Leander and Hubert, sitting closest to the centre of the high table, turned towards the speaker. “Prince Aquila,” Leander spoke coldly. “We have never been formally introduced, I believe.”
“Your Majesty,” Flavius replied in greeting, inclining his head. “True, I rarely dine at the palace. I have many concerns keeping me occupied, which could be said for every fighting man in the realm.”
“I have seen little cause for concern during my time in Korndale,” Leander replied, his voice still touched by chill. “Unless you mean whether the cows and corn grow sufficiently fat.”
“Until this year, I believe the concerns of Hæthiod were similar,” Aquila retorted, his voice no friendlier than Leander’s. “We will not be caught unawares, our cities turned trophies for our foes.”
“Once spring arrives, there will be black boots in Korndale.

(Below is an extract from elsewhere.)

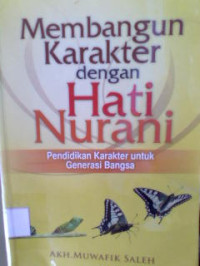 MEMBANGUN KARAKTER DENGAN HATI NURANI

Aware or not, your cities will fall if the outlanders are not stopped,” Leander claimed darkly.
“Then we will stop them,” Flavius declared confidently. “The men of the Dale have kept our watch at the Langstan since it was built. We will not falter like Hæthiod did.”
“You question our worth as warriors?” Hubert exclaimed.
“I merely state the facts,” Flavius retorted coldly.
“You may state them with your blade,” the count demanded. “Prove your prowess and your words!”
“Count Hubert!” Theodora all but yelled as the would-be combatants stared each other down.
“A sparring match,” Irene quickly spoke. “A courteous comparison of your respective skill with the sword.”
Everyone was silent for a moment. “Nothing would please me more,” came the reply from Flavius, relieving some of the tension. “Tomorrow in the hour after dawn, the Order castle. I shall await you there.”
“Not if I arrive first,” Hubert muttered, inclining his head towards the prince of Aquila in acceptance of the terms. Close by, Isabel’s laughter in response to a jest from the king could be heard.